# Cuttlefish Bone



## bikerchicspain (Jan 18, 2010)

As most of you know i work in a pet store as head of reptiles, When i advise people on supplements i steer them clear of the typical of the shelf stuff and towards the cuttle bone (if only my boss knew ),alot alot cheaper,for those of you that have torts that will not eat the bone itself as my Pumpkin will not.
So i grate it on a Nutmeg grater, then through a siff on to clean newspaper, then into a small airtight tub. 
Just thought i would share this to others esp newcomers.
xxx


----------



## Yvonne G (Jan 18, 2010)

I buy cuttlebone in bulk...super cheap!! Every one of my habitats has at least one cuttlebone in it. Most of the animals ignore it until it has weathered in the pen for quite a while.

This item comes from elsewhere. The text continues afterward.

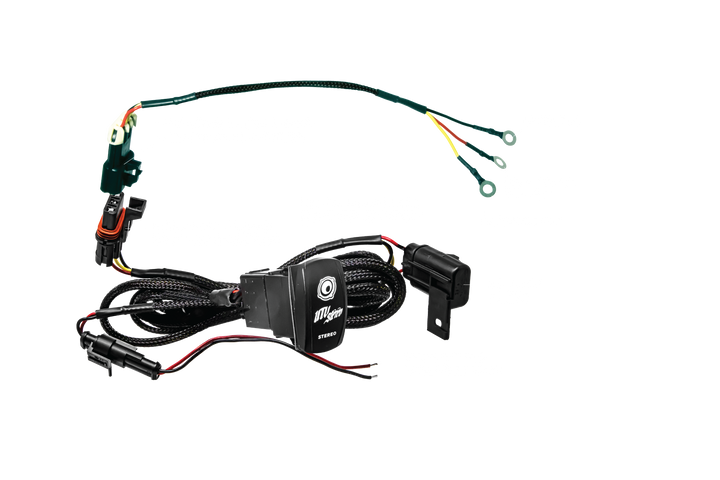 Source Unit Harness + Rocker Switch | UTVS-HRN-LC-SRC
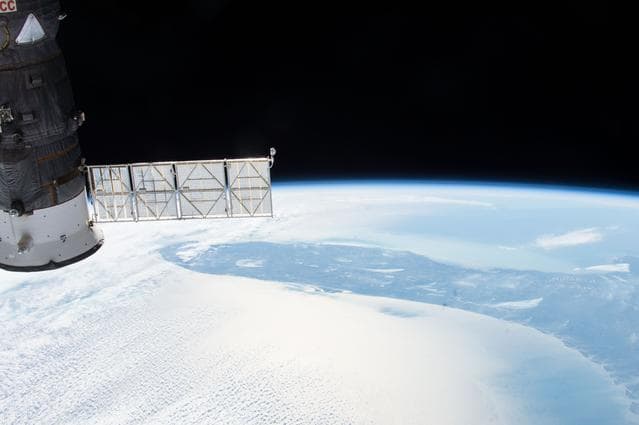 Earth observation taken by the Expedition  46 crew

I put a small piece in the the baby box turtles, baby desert tortoises and Baby Emmie, the Manouria. This was about two months ago. All the pieces look exactly like they did when I first put them in there except for Baby Emmie's piece. There are teeny, tiny bite marks all over the cuttlebone!!! What a clever girl!!


----------



## Annieski (Jan 18, 2010)

My Mortimer loves her "bone". Is it possible that she could have TOO much? Some days she doesn't even look at it but other days I would think she was going to eat the whole thing. I was given liquid calcium from the vet, which I put on her food every other day[1 ml ]. Never thought about all the extra calcium from the bone.


----------



## bettinge (Jan 18, 2010)

emysemys said:


> I buy cuttlebone in bulk...super cheap!! Every one of my habitats has at least one cuttlebone in it. Most of the animals ignore it until it has weathered in the pen for quite a while.
> 
> I put a small piece in the the baby box turtles, baby desert tortoises and Baby Emmie, the Manouria. This was about two months ago. All the pieces look exactly like they did when I first put them in there except for Baby Emmie's piece. There are teeny, tiny bite marks all over the cuttlebone!!! What a clever girl!!



Yvonne, Where do you buy in bulk? Local or shipped?


----------



## ChiKat (Jan 18, 2010)

That's a great idea to grate the cuttlebone using a nutmeg grinder! I tend to break Nelson's cuttlebone into smaller pieces as he prefers it that way  (yes, he has trained me well!)


----------



## DoctorCosmonaut (Jan 18, 2010)

Never buy it marketed for torts, just get the same stuff for about 1/2 the price listed as being for birds.


----------



## sammi (Jan 18, 2010)

Ernie never touches it! Maybe i'll try the nutmeg grinder method..


----------



## DoctorCosmonaut (Jan 18, 2010)

I've never seen mine eat it, but it always disappears slowly in a gnawed looking fashion.


----------



## Stephanie Logan (Jan 19, 2010)

These are all so funny, and they PROVE that tortoises have distinct, individual personalities. You moderators should move these posts to that thread...in your ample spare time of course. 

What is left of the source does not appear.